The boy who would paint Mr and Mrs Andrews under their oak tree, who would catch the wet light of English sky better than anyone before him, was born in a Sudbury wool merchant's house on Market Hill in 1727. Thomas Gainsborough never had to look far for his subjects. The River Stour winds just beyond the town's old streets, and the meadows that pressed against his childhood window became, eventually, an entire way of seeing England.
Sudbury is older than its painters. The Anglo-Saxon Chronicle calls it Sudberie, the south-borough, distinguishing it from Bury St Edmunds and Norwich to the north. By the early eleventh century a market was already trading here, on the same Market Hill that still slopes up to St Peter's Church. The Domesday Book records it in 1086 as a market town where local people came to barter their goods. A defensive ditch ringed the settlement, fed by a diverted arm of the Stour. Three medieval churches still stand from those centuries of cloth wealth, and in one of them, St Gregory's, sits a curious relic: the skull of Simon of Sudbury, born here around 1316, who rose to Archbishop of Canterbury and Lord Chancellor of England, then lost his head to a mob during the Peasants' Revolt of 1381.
The cloth trade made Sudbury prosperous in the Late Middle Ages, and the wealth paid for the churches and the timber-framed merchants' houses that still lean over the lanes. Weaving carried on through the seventeenth and eighteenth centuries with ups and downs. Today the tradition is silk: Vanners, Stephen Walters and other Sudbury mills still weave the silks used for royal coronation gowns, House of Lords curtains, and luxury menswear linings. Most ties sold by Britain's grandest tailors began on a Sudbury loom. The town remains a working textile centre in a country where most have closed.

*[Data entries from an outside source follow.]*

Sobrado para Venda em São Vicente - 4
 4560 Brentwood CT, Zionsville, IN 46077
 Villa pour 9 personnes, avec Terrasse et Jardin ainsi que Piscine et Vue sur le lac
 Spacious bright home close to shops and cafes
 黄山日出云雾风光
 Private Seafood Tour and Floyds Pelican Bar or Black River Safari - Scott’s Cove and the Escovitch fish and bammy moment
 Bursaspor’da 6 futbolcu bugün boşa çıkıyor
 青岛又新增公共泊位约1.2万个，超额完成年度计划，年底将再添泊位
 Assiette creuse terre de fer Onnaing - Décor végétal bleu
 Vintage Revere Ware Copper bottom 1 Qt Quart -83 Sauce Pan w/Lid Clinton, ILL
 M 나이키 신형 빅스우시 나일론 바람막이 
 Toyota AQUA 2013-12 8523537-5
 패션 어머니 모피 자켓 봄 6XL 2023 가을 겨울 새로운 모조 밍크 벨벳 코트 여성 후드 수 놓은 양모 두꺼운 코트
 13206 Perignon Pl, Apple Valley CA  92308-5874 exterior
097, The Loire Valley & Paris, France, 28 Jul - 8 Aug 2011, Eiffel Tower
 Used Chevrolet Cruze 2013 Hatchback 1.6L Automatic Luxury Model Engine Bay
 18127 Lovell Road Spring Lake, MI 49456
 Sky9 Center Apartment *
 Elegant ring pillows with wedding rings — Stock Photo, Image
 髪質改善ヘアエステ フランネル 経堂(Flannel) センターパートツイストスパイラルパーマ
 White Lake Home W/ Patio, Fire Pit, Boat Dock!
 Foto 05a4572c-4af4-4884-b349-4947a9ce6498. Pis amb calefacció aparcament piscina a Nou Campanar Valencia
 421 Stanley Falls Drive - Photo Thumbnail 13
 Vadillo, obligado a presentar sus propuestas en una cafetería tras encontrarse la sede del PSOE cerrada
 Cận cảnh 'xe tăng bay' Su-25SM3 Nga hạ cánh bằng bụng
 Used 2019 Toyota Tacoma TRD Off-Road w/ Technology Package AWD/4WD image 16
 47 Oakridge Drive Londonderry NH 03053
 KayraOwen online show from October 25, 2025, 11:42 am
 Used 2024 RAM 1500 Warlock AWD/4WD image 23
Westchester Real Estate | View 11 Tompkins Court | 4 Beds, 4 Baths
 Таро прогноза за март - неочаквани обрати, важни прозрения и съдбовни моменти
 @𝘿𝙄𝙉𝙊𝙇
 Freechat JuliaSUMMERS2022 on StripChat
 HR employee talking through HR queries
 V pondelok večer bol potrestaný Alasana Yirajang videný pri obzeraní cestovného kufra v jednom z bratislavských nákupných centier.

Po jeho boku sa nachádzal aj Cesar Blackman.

Walk down Gainsborough Street and the painter's birthplace is still there, restored as Gainsborough's House and now a museum. The collection holds more of his work than anywhere outside London. He left at thirteen for an apprenticeship, but the Stour Valley never left him. His friend and successor John Constable, born downriver at East Bergholt, worked the same landscape a generation later. The pair invented English landscape painting between them. A statue of Gainsborough, palette in hand, stands on Market Hill outside St Peter's, unveiled in 1913.
During the Second World War, RAF Sudbury became home to the 834th Squadron of the 486th Bomb Group, flying B-24 Liberators against targets in Germany and occupied Europe. The crews were young Americans, far from home, and their commander brought in a professional artist named Phil Brinkman to paint the nose of each bomber with one of the twelve signs of the zodiac. They became the Zodiac Squadron, and the painted Liberators flew from Sudbury's flat fields on bombing and reconnaissance missions until the war ended. Most of the airfield is gone now. Sections of perimeter track and runway have become footpaths between Chilton, Newmans Green and Great Waldingfield, and pillboxes still squat along the river. Walkers cross concrete that once thundered under four-engined bombers heading east.
Sudbury was once a working port. Horse-drawn lighters carried grain, brick, coal and even coconuts for mat-making up the Stour from Manningtree. In 1914, fearing German invasion, the fourteen remaining Stour Lighters were scuttled in Ballingdon Cut. One was raised a century later and rebuilt with electric propulsion. The River Stour Trust runs boats from the Granary in Quay Lane, and each September the river hosts the Sudbury to the Sea event, when hundreds of canoes paddle the twenty-four miles down to Cattawade. Dodie Smith, who wrote The Hundred and One Dalmatians, sent Pongo and Missis through Sudbury at midnight in her novel, drinking at the fountain on Market Hill while the church clocks struck twelve. The town has always been a place travellers pass through, and a place worth stopping in.
Sudbury sits in the Stour Valley at 52.04 N, 0.73 E, about 60 miles northeast of London. Cruise at 3,000-5,000 feet to make out the river meandering between water meadows and the brick-and-timber town centre clustered around Market Hill. The former RAF Sudbury runways are visible to the southwest as faint pale lines in the fields. Nearest active airfield is RAF Wattisham (EGUW) 12 miles east; London Stansted (EGSS) is 25 miles southwest. Watch for traffic from Stansted approaches and avoid the Wattisham helicopter circuit.